The latter has been the subject of a recent plebiscite, and now that the votes are in and only waiting to be counted, I feel free to express my disgust at the tactics employed by those on the right, their heartless scaremongering, the bald-faced lies and naked hypocrisy. It is too early to tell how much damage this clumsy and completely unnecessary process has caused. Sadly only time will tell, and perhaps by then it will be too late, even if, as predicted, the plebiscite returns a resounding YES to the proposition that all citizens of this country should be equal before the law. This matter should not even be up for debate in a modern liberal pluralistic democracy, but it is and those who assume to be society's moral guardians have exploited the fact to their undying shame. The wreckers in our federal parliament will have to answer to their consciences, if they can find them amongst the rubble of their many discarded promises.

 In short, this wonderful country is broken. Each day the disparity grows between the haves and the have-nots. A nation blessed with abundant resources is witnessing families unable to heat their homes or cook their children dinner because they simply cannot afford the exorbitant and steadily rising costs of gas and electricity.
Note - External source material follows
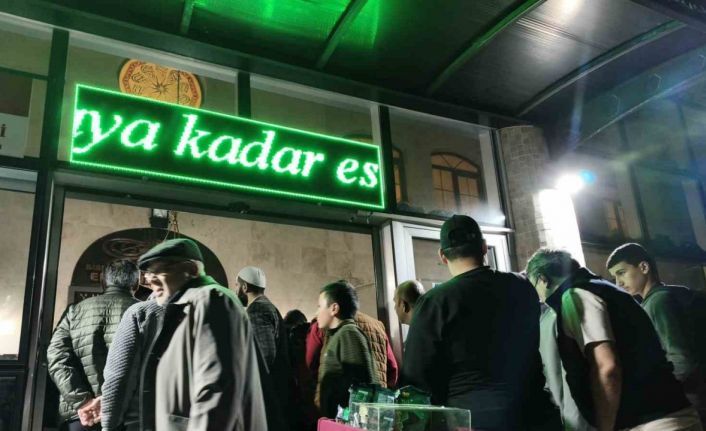 Aydın’da Kadir Gecesi’nde camiler doldu taştı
The fault for this is not theirs but of politicians at both the state and federal level who have lacked both the imagination and courage to face the challenges of climate change and the epochal shift in international attitudes to power generation. Now, while the Japanese government rakes in significant import revenue on OUR gas, our children shiver and go hungry to school.
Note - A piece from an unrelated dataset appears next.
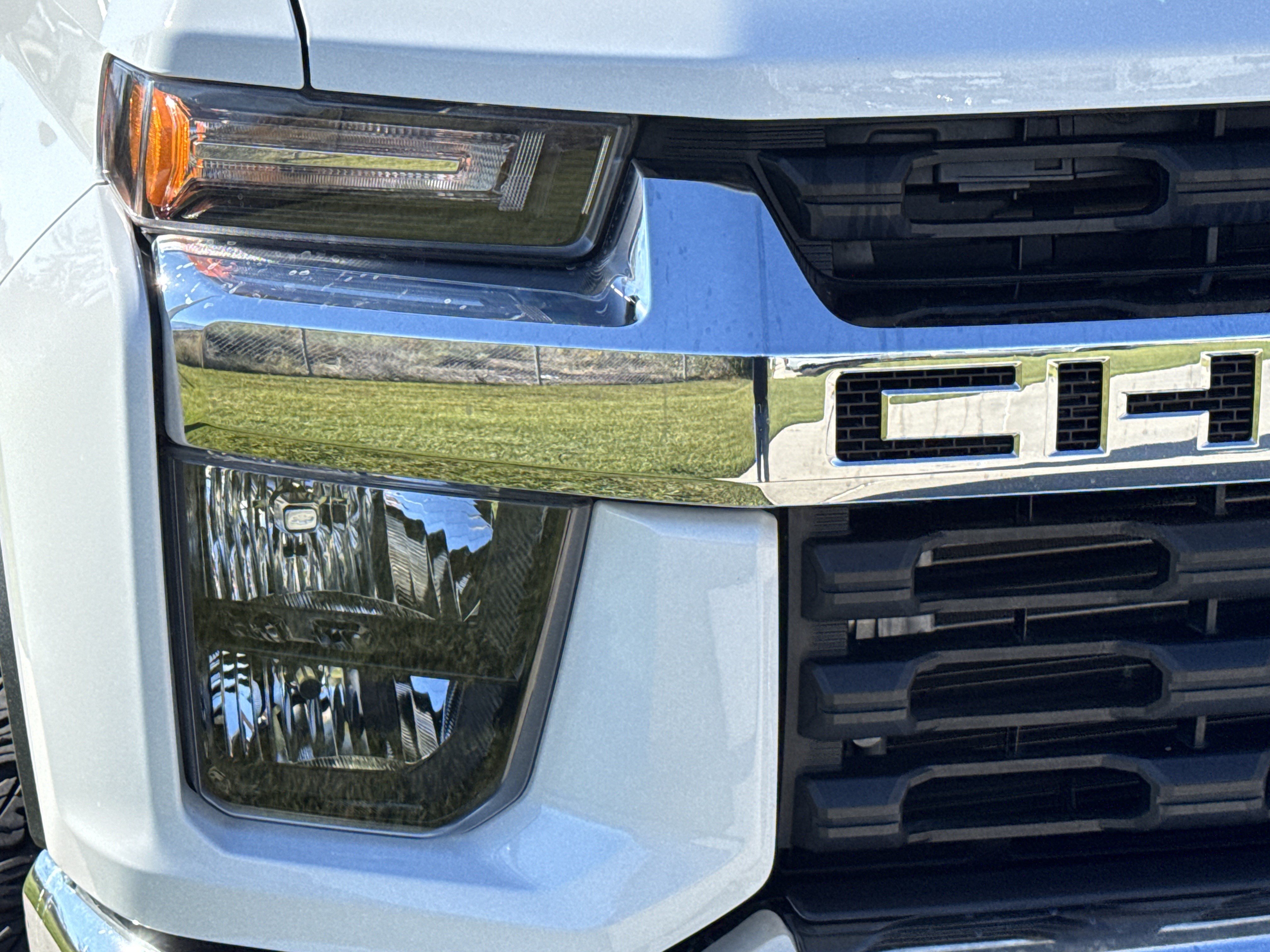 Used 2022 Chevrolet Silverado 3500 LT AWD/4WD image 10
And as though this were not enough, we witness the tragic farce of the citizenship fiasco that has already cut a swathe through the federal parliament and threatens to bring any semblance of governance in this country to a grinding halt. We can expect a raft of legal challenges by vested interests to bills passed by politicians who, by the fact of their undisclosed dual citizenship, were not entitled to be sitting in the parliament in the first place, let alone as part of the executive. And now they are busily denying the obvious need for a "citizenship audit" to ensure no further nasty surprises, while badgering the most vulnerable in our community to pay back welfare debts they simply do not owe. When, if ever, will we see an apology from those responsible for the so-called "robo-debt" fiasco for the many lives ruined and lost to despair? I suspect the answer is never.

This is what has become of "the wonder downunder" my northern friends, and it is a cautionary tale. When we turn our backs on the system, when we opt out, refuse to vote, shut our eyes and ears to what is happening around us, then we leave the running of affairs to vested interests who will plunder what they can, turn a tidy profit, and then move on. In this bright new shiny neo-liberal, post 9-11 world of ours, capital moves freely while the individual's freedom of movement grows ever more impeded. Public assets are sold off to often rather nefarious private interests with no visible gain to the public weal. Quite the opposite. Roads, rail, port facilities, utilities, in fact infrastructure of every kind now sits in private, largely unaccountable hands. My generation has not only let this happen, many of us have been willing participants. And for that I apologise wholeheartedly to those coming after me.

I will end this bleak scree with some words from an Australian poet from the generation immediately before mine, the infamous "Boomer" generation with which we X-ers have carried on a love-hate relationship for many years:

I believe this wick and this open book
in the light's oval, and I disbelieve

everything this generation has told me.

- Robert Harris "Isaiah by Kerosene Lantern Light" (1986)

I thank you for your time. And remember to always keep poetry in your lives.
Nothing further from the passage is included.